Het kabinet gaat de eigen bijdrage Wmo-voorzieningen opnieuw invoeren, zoals voor dagbesteding en huishoudelijke hulp. Vanaf 2025 wordt die eigen bijdrage van hulpbehoevenden weer afhankelijk van het inkomen. Nu betaalt iedereen een vast bedrag per maand. Dat heeft het kabinet besloten, staat in de vrijdag openbaar gemaakte voorjaarsnota. De maatregel levert het kabinet jaarlijks 100 miljoen euro op.
Vanaf 2019 werd die inkomensafhankelijke bijdrage deels en in 2020 helemaal afgeschaft en vervangen door het zogeheten Wmo-abonnementstarief. Iedereen, ongeacht de hoogte van het inkomen, moet sindsdien een vast bedrag per maand als eigen bijdrage betalen voor een Wmo-voorziening. Het gaat om maximaal 19 euro per maand.
De maatregel leidde tot een enorme toename van het aantal aanvragen van vooral huishoudelijke hulp.
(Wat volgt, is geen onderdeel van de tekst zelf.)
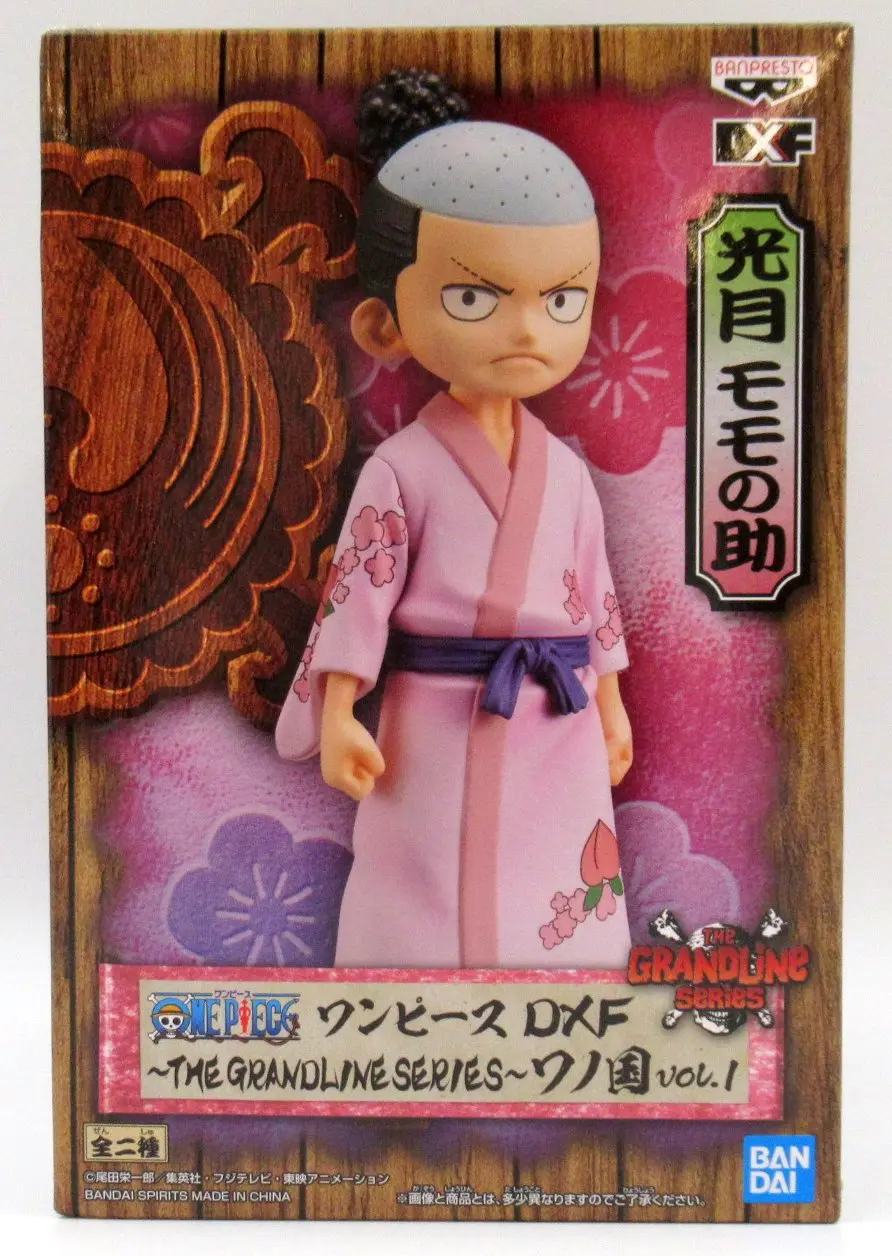 The Grandline Series - One Piece / Kozuki Momonosuke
Veel mensen die deze hulp makkelijk zelf kunnen betalen – en vaak al op eigen kosten een hulp hadden geregeld – kozen voor deze goedkope oplossing en meldden zich bij het Wmo-loket van de gemeente. Die zijn sinds 2015 verantwoordelijk voor de Wet maatschappelijke ondersteuning (Wmo).
De gemeenten zagen de kosten de pan uitrijzen, wat ten koste gaat en ging van de mensen die de hulp echt nodig hebben, maar deze niet zelf kunnen betalen. In sommige gemeenten ontstonden lange wachtlijsten.
In het regeerakkoord was al afgesproken dat er voor de huishoudelijke hulp een “eerlijkere eigen bijdrage” zou komen, Het wetsvoorstel van staatssecretaris Maarten van Ooijen (Wmo) daartoe wordt ingetrokken. In plaats daarvan komt hij met een nieuw wetsvoorstel waarin de hoogte van de eigen bijdrage voor alle Wmo-voorzieningen weer wordt gebaseerd op het inkomen.
De nieuwe maatregel gaat waarschijnlijk per 2025 in.